Having an online voting arrangement introduces the need... removes the secret balloting process, particularly if people can also vote in person during the meeting. Need to keep track of who has voted and who hasn't. Will that change the character of the LC voting process? I agree with the goal of increased participation, but online voting is fraught with many problems that can't be resolved. On the otherhand we might decide we don't care about people's ballots (?)

Audio between NYC and Mexico City: wiring both rooms while avoiding feedback problems seems like a major challenge, no idea how that will work. Would like to have a fallback plan to think about; if it doesn't work and we try to conduct the meeting with it, it will be absolutely miserable.

Also curious about how we'll select panelist; I really like the idea.

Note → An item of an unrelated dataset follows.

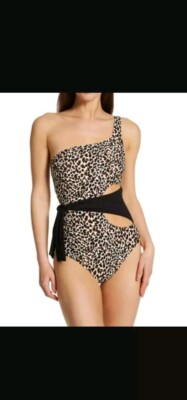 Vince Camuto Womens 12 Tanzania Cheetah One Shoulder One Piece Swimsuit V04626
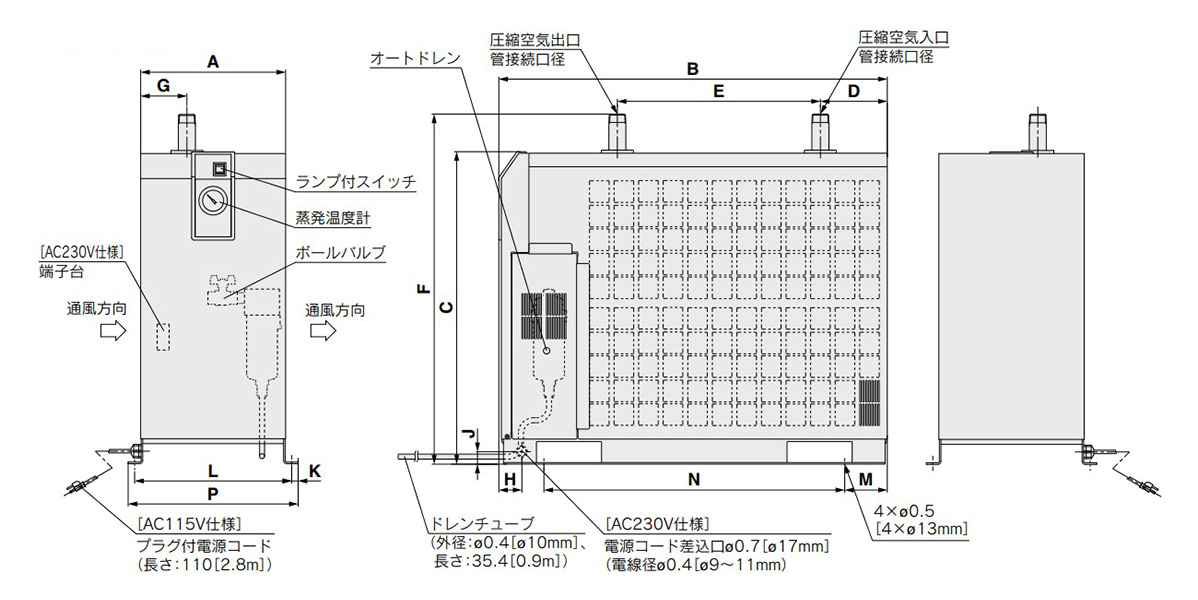 IDFB22E/IDFB37E dimensional drawing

Jamie, in response: everyone should start thinking now about who would be good panelists

audio feedback loop: Agreed; maybe we can discuss that at next face-to-face support meeting, figure out a fallback that will definitely work

anonymous voting: last year we had both online and in-person voting, and that was even more complicated. Would like to simplify it by not having in-person voting, only online. Last year this was designed technically to preserve an anonymous ballot; system kept track of which orgs voted but didn't link that record to the vote they cast.

That said, any time you log in and vote, there will probably be a way to guess who voted for whom.

This is an important political decision for LC; Jamie proposes that this is a comrpomise to make wider participation possible. dkg agrees that this is an ok tradeoff

mallory: providing streaming audio for folks not in MXC or NYC; last year there was an audio stream; i didn't watch the video; and there was an IRC channel that someone could read from. I don't necessarily need the two-way, but i do want the stream to follow what's going on.

jamie: i really want bidirectional audio somehow; for other folks, we should try for one way audio (outbound) and have a text channel back (similar to last year). ~30 second lag is OK for that arrangement.

dkg: are we going to record this? are we going to discourage others from recording?

Jamie: not opposed to recording it, though it's tough to do something with 9 hours of audio. Any objections?

jack: i'm curious about how the reflections from panelists would be structured? will each panelist cover specific reports? or specific areas that they're involved in? or less connected that way?

jamie/alfredo: we haven't made any decisions there.

jamie: probably looser than stricter. give panelists leeway to discuss what they think is important. each would get all the reports, and then they could pick up the themes that they wanted to discuss.

jack: seems like it might be a good idea to make sure all reports should be covered. maybe ask ahead of time to ensure there aren't any huge holes.

alfredo: why should we put someone on a panel to discuss hillary's financial report or even the membership report. they're critically important reports, but i don't know if a panelist could make reasonable commentary on it. I was thinking we'd take jamie's report, divvy it up by themes and have the panelists present parts of them. So we don't do all the reports, just the political report from the director. i might be off-base, though.

jamie: jack, you're expressing a concern that people won't read the other reports. but we'll distribute them ahead of time, and then also have them printed in front of them at the meeting. i think people will get more that way.

jack: maybe i misspoke; i don't expect that all the reports will be fully covered, i just want to make sure that the important points get covered.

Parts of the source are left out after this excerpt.